◆ WHAT THE TASK ASKS
Everything from the line that contains "63870-002 Piper Clip Pack of 15" to the end of the listing below, both ends included, is to be transcribed word for word, and nothing else.

◆ DATA RECORDS
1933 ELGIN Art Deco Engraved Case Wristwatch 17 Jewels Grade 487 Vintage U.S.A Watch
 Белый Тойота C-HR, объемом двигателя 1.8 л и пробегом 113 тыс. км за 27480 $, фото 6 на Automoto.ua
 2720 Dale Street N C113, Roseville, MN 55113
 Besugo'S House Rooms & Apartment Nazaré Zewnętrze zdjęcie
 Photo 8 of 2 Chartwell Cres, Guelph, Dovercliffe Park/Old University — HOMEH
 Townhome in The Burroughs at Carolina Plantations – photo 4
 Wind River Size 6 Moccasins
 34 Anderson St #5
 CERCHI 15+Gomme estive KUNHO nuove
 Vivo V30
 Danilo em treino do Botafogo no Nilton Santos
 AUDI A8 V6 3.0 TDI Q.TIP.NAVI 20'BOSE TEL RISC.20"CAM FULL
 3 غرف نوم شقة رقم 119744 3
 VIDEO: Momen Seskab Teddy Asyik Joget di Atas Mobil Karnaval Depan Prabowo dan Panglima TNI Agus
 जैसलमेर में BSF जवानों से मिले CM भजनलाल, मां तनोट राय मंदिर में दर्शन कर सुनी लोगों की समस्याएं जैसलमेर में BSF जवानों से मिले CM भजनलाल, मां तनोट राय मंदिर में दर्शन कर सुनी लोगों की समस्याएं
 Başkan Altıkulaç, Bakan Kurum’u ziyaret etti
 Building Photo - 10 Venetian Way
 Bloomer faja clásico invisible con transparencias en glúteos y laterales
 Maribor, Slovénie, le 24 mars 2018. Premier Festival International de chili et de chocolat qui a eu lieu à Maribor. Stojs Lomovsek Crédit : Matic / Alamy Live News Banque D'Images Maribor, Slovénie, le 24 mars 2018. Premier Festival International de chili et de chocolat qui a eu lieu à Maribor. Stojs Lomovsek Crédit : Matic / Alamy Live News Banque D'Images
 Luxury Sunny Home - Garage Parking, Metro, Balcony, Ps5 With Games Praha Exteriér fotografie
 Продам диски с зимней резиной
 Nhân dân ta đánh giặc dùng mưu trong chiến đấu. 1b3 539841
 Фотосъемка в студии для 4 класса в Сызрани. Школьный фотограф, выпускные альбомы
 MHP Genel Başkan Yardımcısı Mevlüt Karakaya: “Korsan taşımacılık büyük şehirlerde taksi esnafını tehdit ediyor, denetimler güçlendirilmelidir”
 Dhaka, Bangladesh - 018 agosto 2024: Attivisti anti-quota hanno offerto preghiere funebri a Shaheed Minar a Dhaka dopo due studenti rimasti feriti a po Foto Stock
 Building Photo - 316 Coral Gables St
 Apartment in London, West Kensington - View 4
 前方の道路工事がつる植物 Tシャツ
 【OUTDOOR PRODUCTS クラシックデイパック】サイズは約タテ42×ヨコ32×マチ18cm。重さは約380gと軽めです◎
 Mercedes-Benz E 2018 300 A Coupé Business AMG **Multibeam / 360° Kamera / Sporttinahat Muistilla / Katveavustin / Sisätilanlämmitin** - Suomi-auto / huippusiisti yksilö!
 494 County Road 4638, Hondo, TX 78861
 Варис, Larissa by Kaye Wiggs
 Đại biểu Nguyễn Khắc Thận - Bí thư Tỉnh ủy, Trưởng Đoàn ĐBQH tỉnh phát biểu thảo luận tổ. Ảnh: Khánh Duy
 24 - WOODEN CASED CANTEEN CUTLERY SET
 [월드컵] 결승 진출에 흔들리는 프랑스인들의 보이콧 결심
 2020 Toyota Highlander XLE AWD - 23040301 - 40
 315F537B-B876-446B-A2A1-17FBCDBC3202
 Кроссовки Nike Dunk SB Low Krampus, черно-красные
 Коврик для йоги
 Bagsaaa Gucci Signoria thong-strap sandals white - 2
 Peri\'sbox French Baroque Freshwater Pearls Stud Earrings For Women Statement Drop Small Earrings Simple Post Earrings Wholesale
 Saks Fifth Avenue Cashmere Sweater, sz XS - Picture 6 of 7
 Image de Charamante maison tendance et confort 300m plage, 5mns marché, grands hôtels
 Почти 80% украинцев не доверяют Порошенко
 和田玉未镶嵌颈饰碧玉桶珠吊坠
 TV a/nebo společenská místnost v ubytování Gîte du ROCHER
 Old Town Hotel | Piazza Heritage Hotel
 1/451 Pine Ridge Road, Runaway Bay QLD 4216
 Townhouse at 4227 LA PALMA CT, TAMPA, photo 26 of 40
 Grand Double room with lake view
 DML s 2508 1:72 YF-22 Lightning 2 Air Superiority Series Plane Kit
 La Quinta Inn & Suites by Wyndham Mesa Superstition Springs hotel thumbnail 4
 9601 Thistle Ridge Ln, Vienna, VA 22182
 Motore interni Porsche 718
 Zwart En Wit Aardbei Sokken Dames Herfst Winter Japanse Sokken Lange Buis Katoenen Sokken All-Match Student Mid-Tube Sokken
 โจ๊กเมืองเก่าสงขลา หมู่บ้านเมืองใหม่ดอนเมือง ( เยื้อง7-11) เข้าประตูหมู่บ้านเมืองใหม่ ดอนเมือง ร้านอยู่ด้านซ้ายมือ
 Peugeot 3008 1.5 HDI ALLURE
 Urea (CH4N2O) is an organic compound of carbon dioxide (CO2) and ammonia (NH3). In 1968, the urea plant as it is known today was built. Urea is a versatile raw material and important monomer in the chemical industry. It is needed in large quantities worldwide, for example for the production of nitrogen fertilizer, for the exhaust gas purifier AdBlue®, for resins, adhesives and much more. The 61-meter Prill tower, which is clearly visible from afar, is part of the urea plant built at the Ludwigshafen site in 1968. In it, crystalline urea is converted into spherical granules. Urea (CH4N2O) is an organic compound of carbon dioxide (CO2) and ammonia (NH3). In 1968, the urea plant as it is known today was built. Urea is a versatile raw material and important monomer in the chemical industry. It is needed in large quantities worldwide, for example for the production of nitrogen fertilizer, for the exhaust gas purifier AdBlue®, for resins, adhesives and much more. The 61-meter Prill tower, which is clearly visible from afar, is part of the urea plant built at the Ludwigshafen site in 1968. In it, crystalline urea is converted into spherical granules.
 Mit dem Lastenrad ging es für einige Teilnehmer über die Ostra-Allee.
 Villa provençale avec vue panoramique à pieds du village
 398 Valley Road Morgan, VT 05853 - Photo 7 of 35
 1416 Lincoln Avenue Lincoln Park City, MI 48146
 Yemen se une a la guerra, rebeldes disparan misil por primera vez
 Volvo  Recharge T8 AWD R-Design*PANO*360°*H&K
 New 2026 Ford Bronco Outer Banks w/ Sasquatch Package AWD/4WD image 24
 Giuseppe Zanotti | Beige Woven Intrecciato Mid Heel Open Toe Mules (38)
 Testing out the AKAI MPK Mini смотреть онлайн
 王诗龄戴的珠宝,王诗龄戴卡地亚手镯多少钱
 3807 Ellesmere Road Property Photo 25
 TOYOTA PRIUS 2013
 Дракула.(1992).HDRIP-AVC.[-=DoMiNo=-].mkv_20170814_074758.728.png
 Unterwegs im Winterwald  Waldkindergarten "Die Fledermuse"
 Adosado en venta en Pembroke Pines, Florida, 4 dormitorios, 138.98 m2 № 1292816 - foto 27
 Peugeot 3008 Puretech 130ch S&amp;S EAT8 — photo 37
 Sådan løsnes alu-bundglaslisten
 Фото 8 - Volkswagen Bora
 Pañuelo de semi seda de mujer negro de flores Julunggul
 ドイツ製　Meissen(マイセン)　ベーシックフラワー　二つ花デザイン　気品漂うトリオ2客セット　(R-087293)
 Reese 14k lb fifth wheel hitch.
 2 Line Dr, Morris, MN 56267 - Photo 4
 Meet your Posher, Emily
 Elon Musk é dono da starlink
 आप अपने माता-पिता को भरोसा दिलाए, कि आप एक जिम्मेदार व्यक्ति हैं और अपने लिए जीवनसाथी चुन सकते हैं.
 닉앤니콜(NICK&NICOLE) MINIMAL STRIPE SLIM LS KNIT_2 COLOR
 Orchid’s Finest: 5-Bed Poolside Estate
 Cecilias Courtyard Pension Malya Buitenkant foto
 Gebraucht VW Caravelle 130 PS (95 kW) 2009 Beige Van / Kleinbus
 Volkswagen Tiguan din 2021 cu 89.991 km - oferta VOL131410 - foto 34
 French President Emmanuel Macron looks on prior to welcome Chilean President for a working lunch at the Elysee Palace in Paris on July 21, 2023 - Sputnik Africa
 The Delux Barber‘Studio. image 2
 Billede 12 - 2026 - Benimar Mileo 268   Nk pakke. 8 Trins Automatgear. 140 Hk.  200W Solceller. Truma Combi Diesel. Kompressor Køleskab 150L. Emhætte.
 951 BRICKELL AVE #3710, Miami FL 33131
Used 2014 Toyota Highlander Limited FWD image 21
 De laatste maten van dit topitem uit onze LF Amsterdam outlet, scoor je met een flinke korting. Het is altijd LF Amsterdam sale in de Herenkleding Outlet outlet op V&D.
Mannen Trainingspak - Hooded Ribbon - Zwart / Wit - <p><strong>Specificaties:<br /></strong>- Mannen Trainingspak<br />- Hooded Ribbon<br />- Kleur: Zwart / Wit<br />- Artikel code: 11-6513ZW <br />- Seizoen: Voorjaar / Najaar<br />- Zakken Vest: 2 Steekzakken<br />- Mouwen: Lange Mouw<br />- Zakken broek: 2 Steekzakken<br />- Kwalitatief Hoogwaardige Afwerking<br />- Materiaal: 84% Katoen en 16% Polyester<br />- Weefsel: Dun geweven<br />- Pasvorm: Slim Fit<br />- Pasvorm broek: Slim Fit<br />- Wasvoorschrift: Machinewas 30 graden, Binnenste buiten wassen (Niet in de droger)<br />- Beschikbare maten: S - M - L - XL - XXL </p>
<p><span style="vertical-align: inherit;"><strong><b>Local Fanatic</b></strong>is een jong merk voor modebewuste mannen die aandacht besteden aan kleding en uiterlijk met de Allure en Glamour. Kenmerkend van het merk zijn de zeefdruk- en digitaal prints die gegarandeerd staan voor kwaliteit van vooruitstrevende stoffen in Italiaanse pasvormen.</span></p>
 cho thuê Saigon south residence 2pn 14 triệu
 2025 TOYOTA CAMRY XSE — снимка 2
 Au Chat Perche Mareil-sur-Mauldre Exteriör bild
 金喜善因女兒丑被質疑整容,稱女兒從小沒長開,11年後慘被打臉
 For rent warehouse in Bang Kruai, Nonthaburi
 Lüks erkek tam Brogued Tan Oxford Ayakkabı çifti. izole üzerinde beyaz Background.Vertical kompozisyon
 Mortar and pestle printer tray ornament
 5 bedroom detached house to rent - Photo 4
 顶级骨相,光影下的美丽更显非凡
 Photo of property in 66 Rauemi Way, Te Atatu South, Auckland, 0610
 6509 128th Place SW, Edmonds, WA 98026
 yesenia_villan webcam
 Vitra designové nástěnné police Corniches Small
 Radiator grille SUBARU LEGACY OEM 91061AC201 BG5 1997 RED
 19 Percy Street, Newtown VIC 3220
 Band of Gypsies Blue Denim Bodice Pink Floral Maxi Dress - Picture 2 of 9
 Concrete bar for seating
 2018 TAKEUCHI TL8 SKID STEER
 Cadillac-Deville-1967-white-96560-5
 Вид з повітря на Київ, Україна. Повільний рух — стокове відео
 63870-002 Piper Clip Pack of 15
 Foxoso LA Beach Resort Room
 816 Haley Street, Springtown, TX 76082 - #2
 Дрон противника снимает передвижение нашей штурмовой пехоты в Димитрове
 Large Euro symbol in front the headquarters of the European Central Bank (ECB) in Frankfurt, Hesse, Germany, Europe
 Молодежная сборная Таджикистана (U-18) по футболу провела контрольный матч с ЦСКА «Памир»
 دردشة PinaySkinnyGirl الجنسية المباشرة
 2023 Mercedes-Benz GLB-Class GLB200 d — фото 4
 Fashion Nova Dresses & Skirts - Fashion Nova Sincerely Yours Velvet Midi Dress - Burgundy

◆ REPLY
 63870-002 Piper Clip Pack of 15
 Foxoso LA Beach Resort Room
 816 Haley Street, Springtown, TX 76082 - #2
 Дрон противника снимает передвижение нашей штурмовой пехоты в Димитрове
 Large Euro symbol in front the headquarters of the European Central Bank (ECB) in Frankfurt, Hesse, Germany, Europe
 Молодежная сборная Таджикистана (U-18) по футболу провела контрольный матч с ЦСКА «Памир»
 دردشة PinaySkinnyGirl الجنسية المباشرة
 2023 Mercedes-Benz GLB-Class GLB200 d — фото 4
 Fashion Nova Dresses & Skirts - Fashion Nova Sincerely Yours Velvet Midi Dress - Burgundy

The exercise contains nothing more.